In this embodiment, the energy calculation is to square the amplitude values of the sampling points and then sum the squared values, for example, the 9 th time domain waveform segment data amplitude sequence is [ a 1, a2, …, a100 ], and the energy e=a 1² + a2² + … + a100 2. Dividing the energy range into 10 sections, and counting the occurrence times of the energy values of each section to form an energy distribution histogram. Let the 9 th segment data energy distribution histogram be H 9 = [h91, h92, …, h910] ,h9 i as the i-th bin energy value occurrence number.
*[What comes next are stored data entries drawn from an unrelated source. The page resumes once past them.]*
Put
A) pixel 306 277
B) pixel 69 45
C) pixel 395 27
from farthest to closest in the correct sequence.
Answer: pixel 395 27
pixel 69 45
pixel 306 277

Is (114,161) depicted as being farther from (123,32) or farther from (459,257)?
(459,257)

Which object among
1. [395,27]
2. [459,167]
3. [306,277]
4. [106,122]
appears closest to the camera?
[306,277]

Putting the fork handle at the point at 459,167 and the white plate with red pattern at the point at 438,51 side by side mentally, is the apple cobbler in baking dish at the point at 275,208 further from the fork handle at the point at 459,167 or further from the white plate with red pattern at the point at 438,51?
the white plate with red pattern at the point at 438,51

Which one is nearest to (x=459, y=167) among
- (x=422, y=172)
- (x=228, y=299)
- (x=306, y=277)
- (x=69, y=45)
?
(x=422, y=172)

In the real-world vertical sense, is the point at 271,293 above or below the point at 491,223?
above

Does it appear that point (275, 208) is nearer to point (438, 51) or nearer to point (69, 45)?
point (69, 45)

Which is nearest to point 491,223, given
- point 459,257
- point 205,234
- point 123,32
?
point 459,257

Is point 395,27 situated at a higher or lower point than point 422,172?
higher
The historical segment histogram is selected from the energy distribution histograms of the previous segment data, such as 3 rd and 6 th, respectively, for H3 = [h31, h32, …, h310] 、H6 = [h61, h62, …, h610] . calculating the Pasteur distance of the current and historical segment histograms by first calculating the median value mi of each segment. For H 9 and H 3, the coefficients k 1ᵢ = √(h9ᵢ × h3 i) are calculated to be k 1 = [k11, k12, …, k110 ], the Pasteur coefficients B 1 = ∑(k1 i) (i from 1 to 10). Similarly, the Babbitt coefficient B 2 between H 9 and H 6 was calculated. Thus, the segment energy difference may be averaged over B 1 、B2.
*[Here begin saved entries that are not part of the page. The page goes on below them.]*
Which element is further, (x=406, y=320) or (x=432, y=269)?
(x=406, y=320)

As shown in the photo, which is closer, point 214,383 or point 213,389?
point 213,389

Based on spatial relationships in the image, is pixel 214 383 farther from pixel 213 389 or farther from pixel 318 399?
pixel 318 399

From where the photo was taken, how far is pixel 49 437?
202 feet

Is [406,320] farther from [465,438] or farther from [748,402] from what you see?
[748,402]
S2017, carrying out normalized splicing on the waveform amplitude fluctuation rate, the zero-crossing offset and the segmentation energy difference degree to generate the time domain waveform distortion characteristic.
As an example, assume that the waveform amplitude fluctuation ratio has a value range of [0, 0.5], the current value of 0.3, the zero-crossing offset has a value range of [0, 5], the current value of 2, the segment energy difference has a value range of [0, 1], and the current value of 0.6.
Normalized value=0.3/0.5=0.6 for waveform amplitude fluctuation rate, normalized value=2/5=0.4 for zero-crossing offset, normalized value=0.6/1=0.6 for segment energy difference.
The three normalized values are sequentially spliced together, e.g., [0.6, 0.4, 0.6], to obtain the time domain waveform distortion feature.
S202, performing multi-scale filtering processing on the frequency domain spectrum sequence to obtain frequency domain energy distribution data, and extracting frequency domain energy attenuation characteristics based on the frequency domain energy distribution data, wherein the frequency domain energy attenuation characteristics comprise fundamental frequency energy attenuation slope, harmonic energy diffusivity and inter-frequency band energy transfer coefficients.
In one example, the frequency domain spectral sequence may be energy value data divided into 1000 frequency bands from 20Hz-20 kHz. The multi-scale filtering uses filters with different cut-off frequencies, such as three low-pass filters, the cut-off frequencies are 100Hz, 1000Hz and 5000Hz, and the frequency domain spectrum sequence sequentially passes through the filtering. Taking a 100Hz filter as an example, attenuating the energy values of the frequency bands larger than 100Hz to obtain partial frequency domain energy distribution data, and then passing through the 1000Hz and 5000Hz filters to obtain different scale frequency domain energy distribution data.
An example of extracting frequency domain attenuation characteristics based on the above data is as follows:
the frequency attenuation slope is that in the frequency band of 100Hz-1000Hz, the energy value of the initial 100Hz is 0.1, the energy value of the end 1000Hz is 0.05, the frequency is changed by 900Hz, the energy is changed by 0.05, and the slope is 0.05/900 approximately 0.000056.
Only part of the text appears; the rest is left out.